Extracted data entries
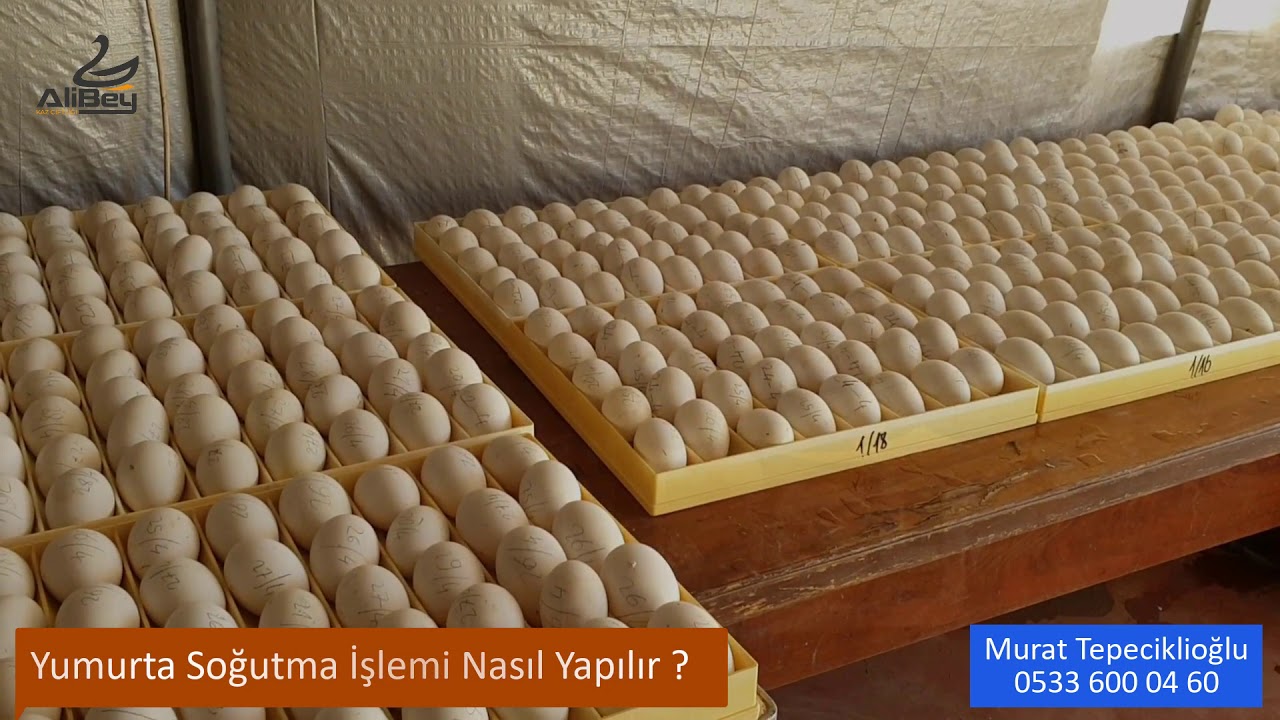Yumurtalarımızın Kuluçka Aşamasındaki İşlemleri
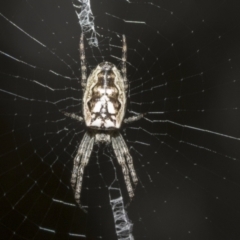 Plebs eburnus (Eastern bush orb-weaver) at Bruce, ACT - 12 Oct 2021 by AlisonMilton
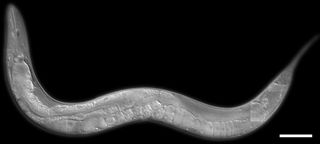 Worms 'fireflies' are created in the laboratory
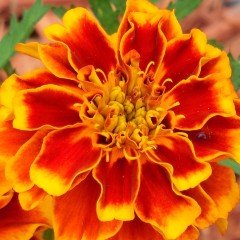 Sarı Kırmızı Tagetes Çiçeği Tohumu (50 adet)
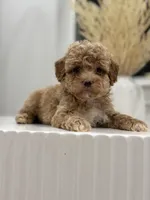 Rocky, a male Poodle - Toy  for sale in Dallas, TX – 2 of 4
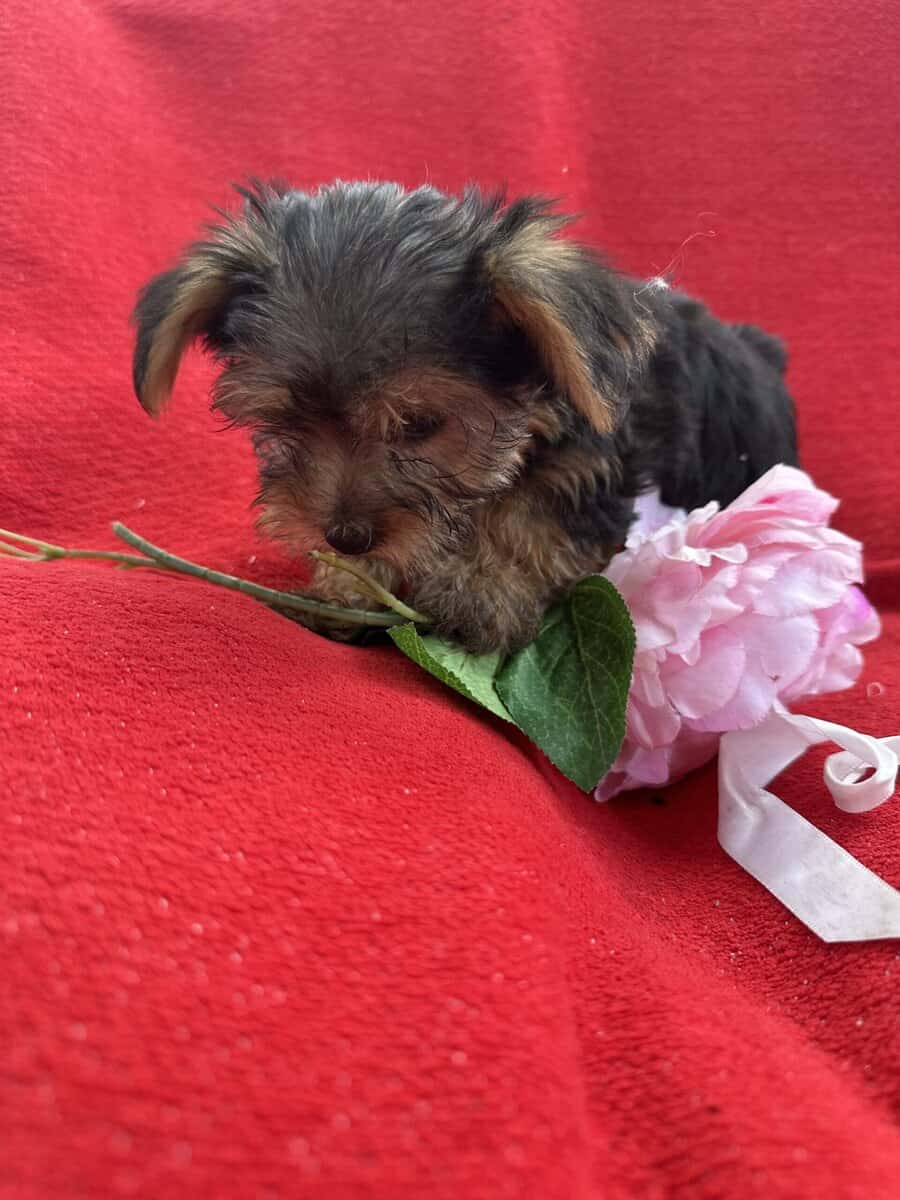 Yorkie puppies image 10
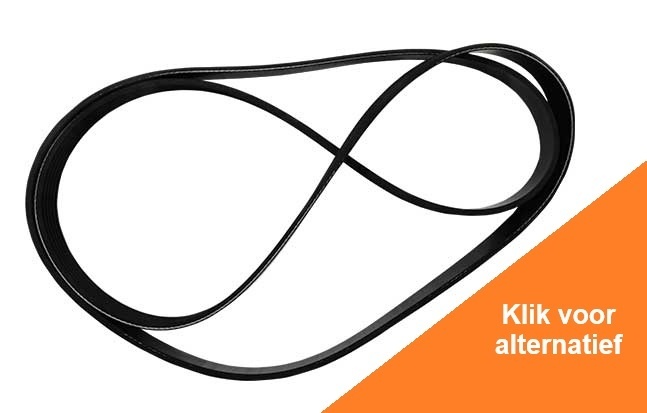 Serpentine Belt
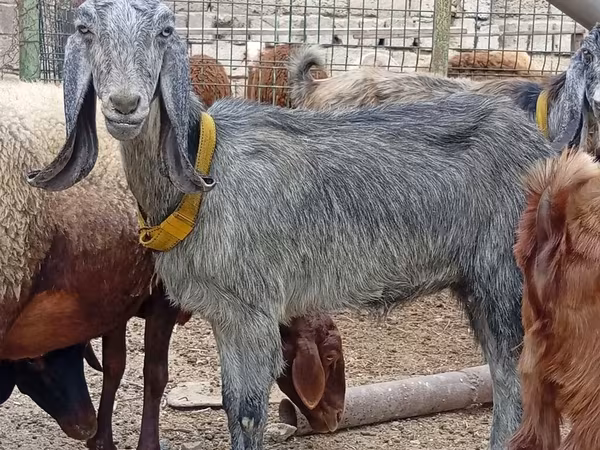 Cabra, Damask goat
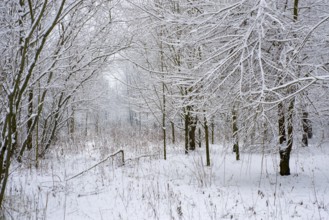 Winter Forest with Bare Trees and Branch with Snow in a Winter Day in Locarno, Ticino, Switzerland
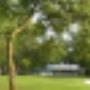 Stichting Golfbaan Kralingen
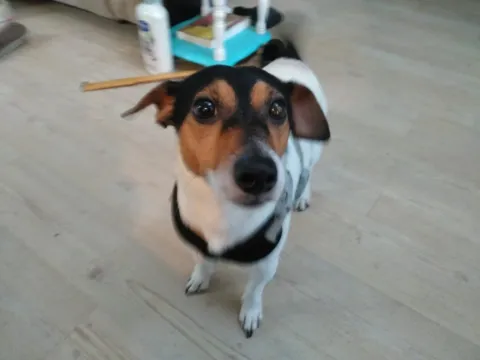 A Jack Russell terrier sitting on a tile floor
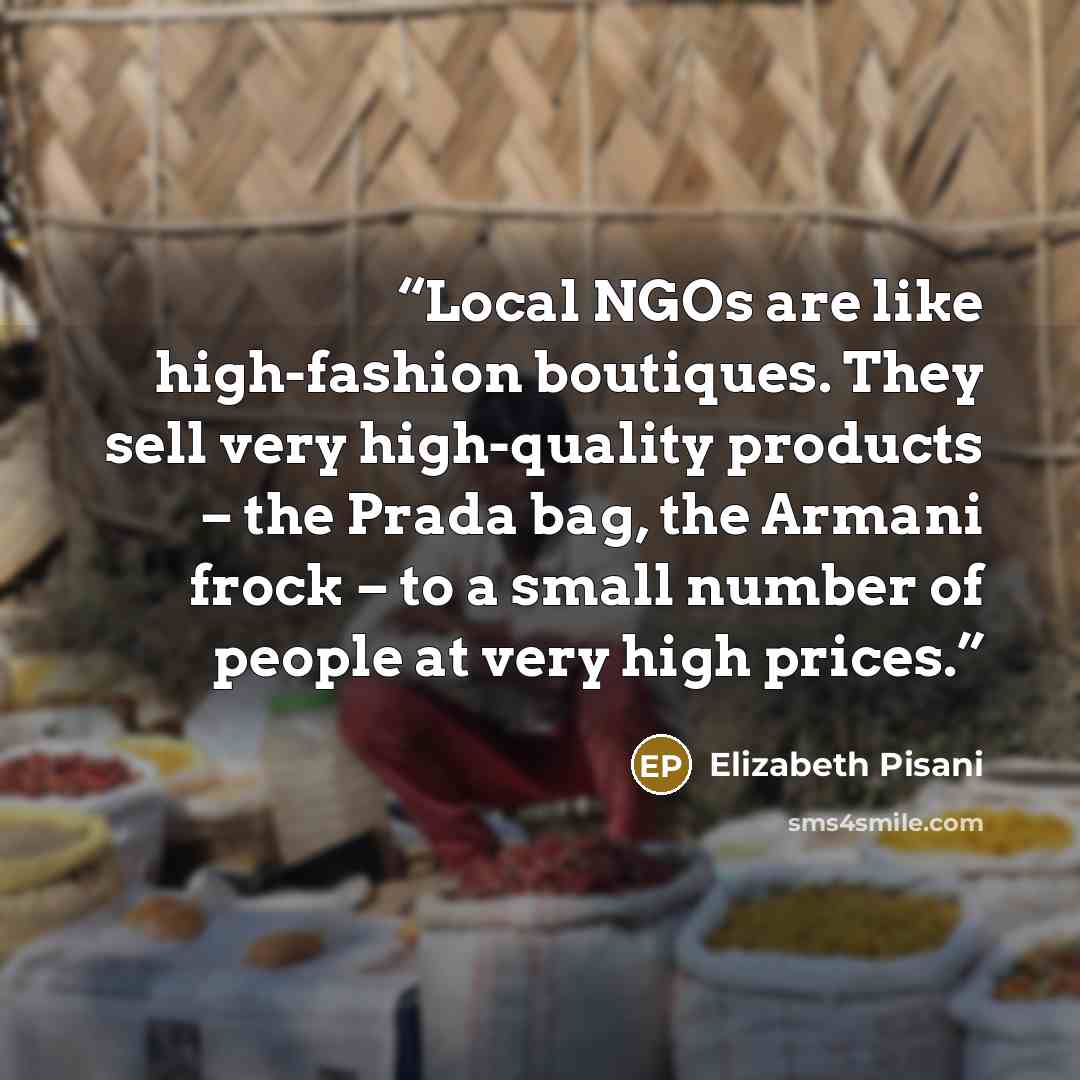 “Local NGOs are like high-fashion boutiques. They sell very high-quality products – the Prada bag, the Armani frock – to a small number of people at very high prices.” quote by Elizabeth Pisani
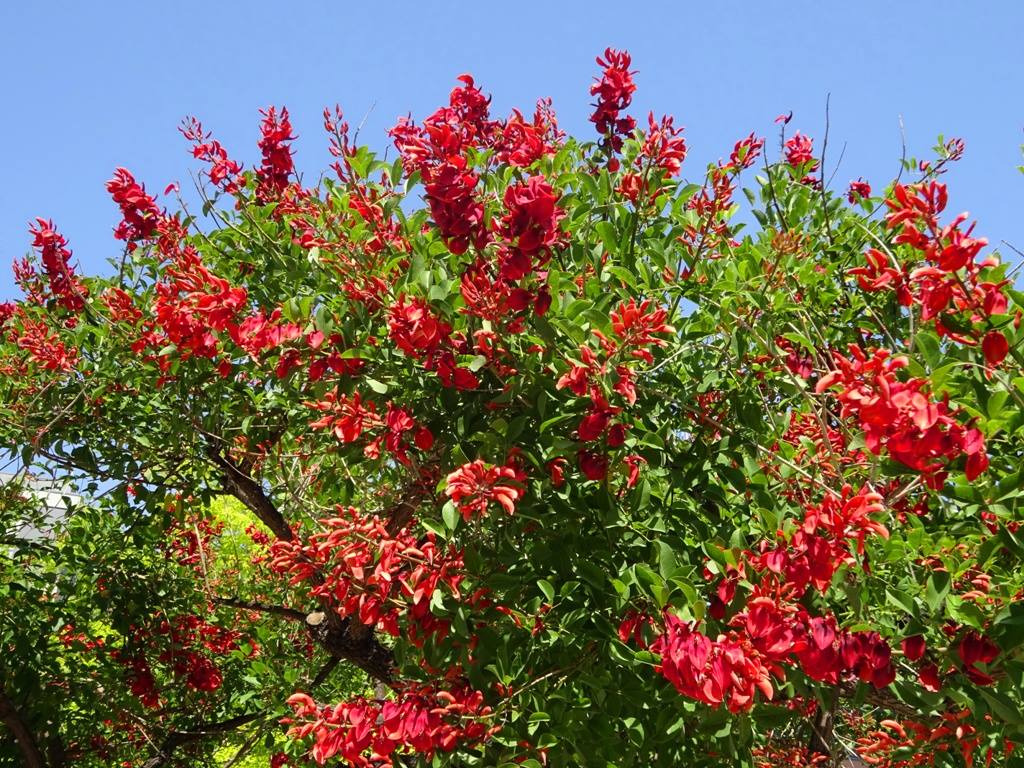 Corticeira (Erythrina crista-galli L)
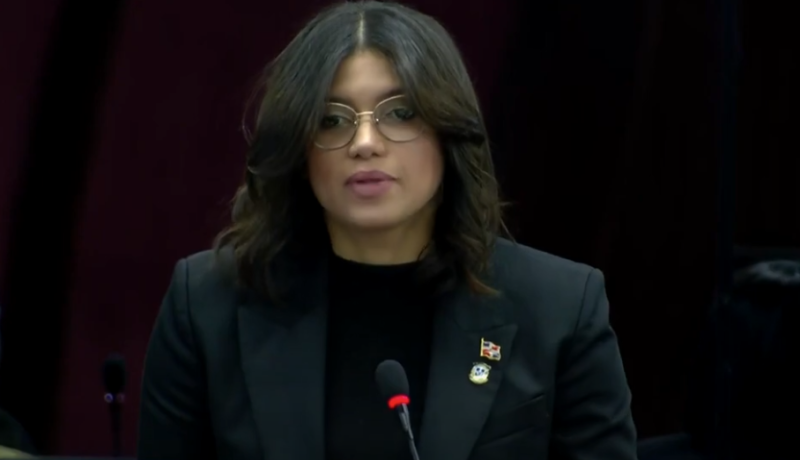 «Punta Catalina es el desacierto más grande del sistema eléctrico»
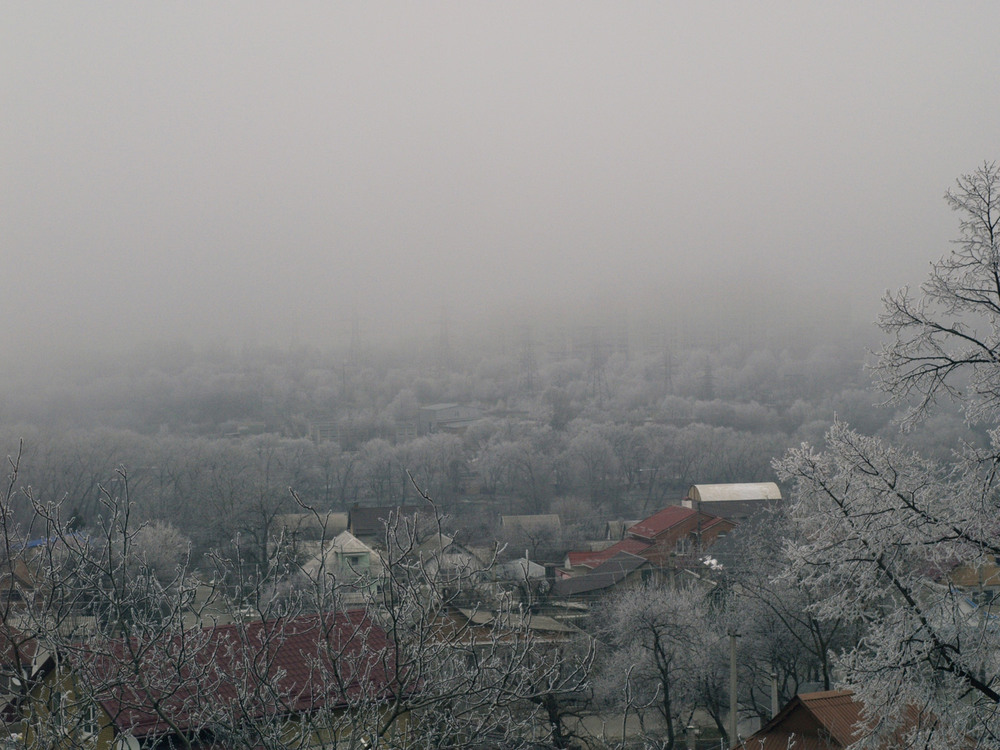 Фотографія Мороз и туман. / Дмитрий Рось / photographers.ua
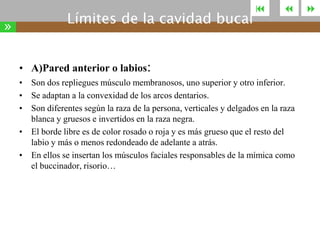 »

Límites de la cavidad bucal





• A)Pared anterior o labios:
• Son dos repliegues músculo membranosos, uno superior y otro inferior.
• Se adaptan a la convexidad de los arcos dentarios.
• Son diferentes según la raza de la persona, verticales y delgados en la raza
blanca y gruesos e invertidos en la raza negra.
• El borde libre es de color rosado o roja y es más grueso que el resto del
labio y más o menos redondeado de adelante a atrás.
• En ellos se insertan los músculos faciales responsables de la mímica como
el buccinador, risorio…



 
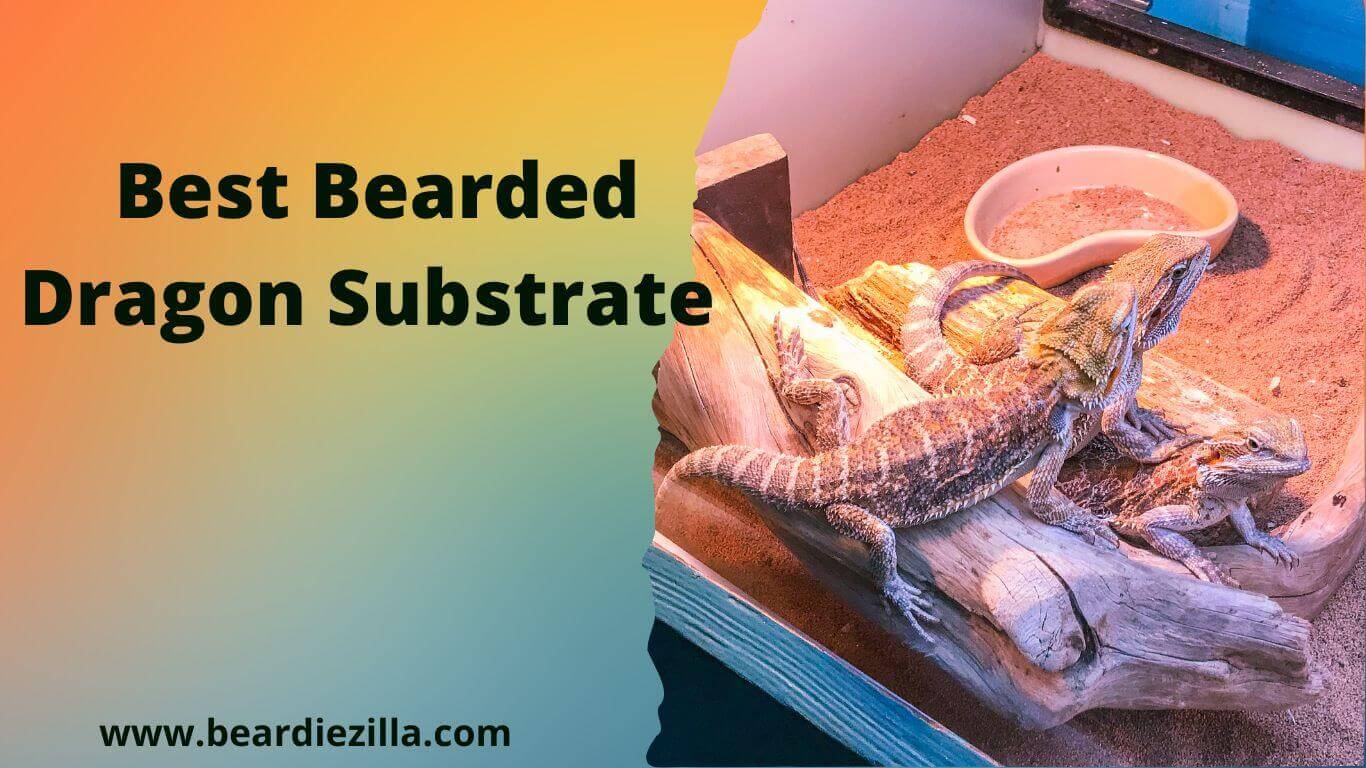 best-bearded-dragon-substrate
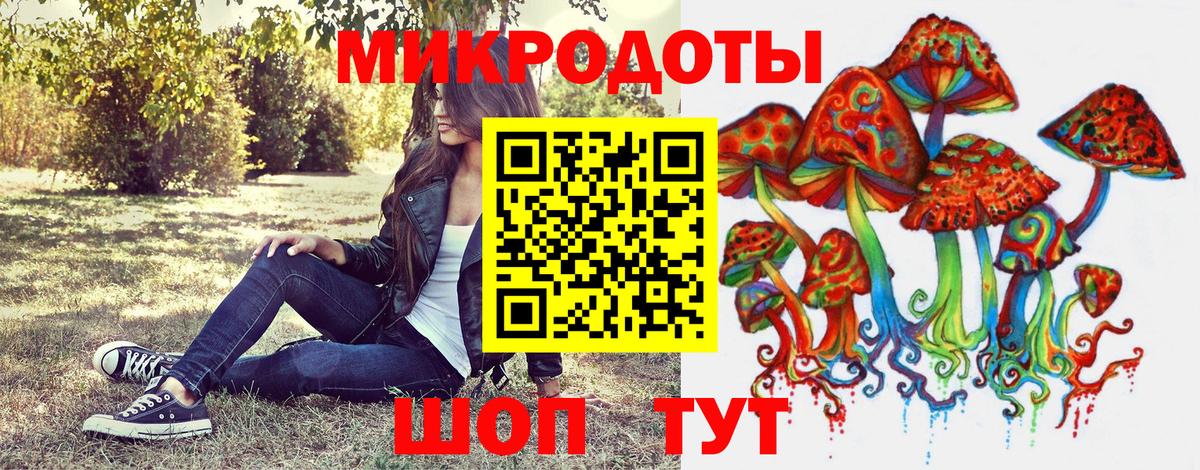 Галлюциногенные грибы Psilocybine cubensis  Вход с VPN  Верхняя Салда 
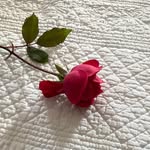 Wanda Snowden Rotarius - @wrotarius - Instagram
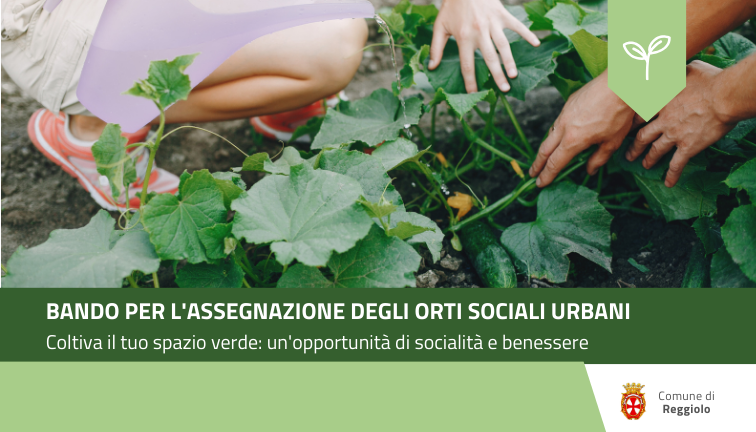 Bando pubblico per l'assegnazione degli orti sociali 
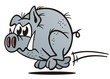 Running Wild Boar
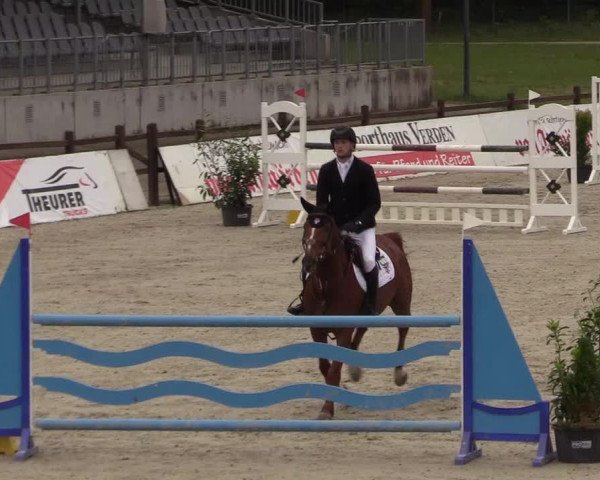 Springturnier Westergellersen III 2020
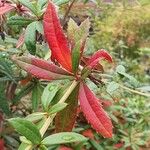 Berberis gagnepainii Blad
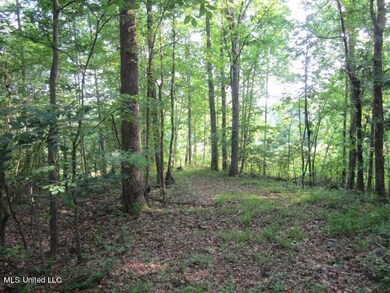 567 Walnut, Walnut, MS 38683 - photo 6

**Directions:**
Using the records above, select and copy every line that has the word "raza".

**Response to the exercise:**
• Son diferentes según la raza de la persona, verticales y delgados en la raza
blanca y gruesos e invertidos en la raza negra.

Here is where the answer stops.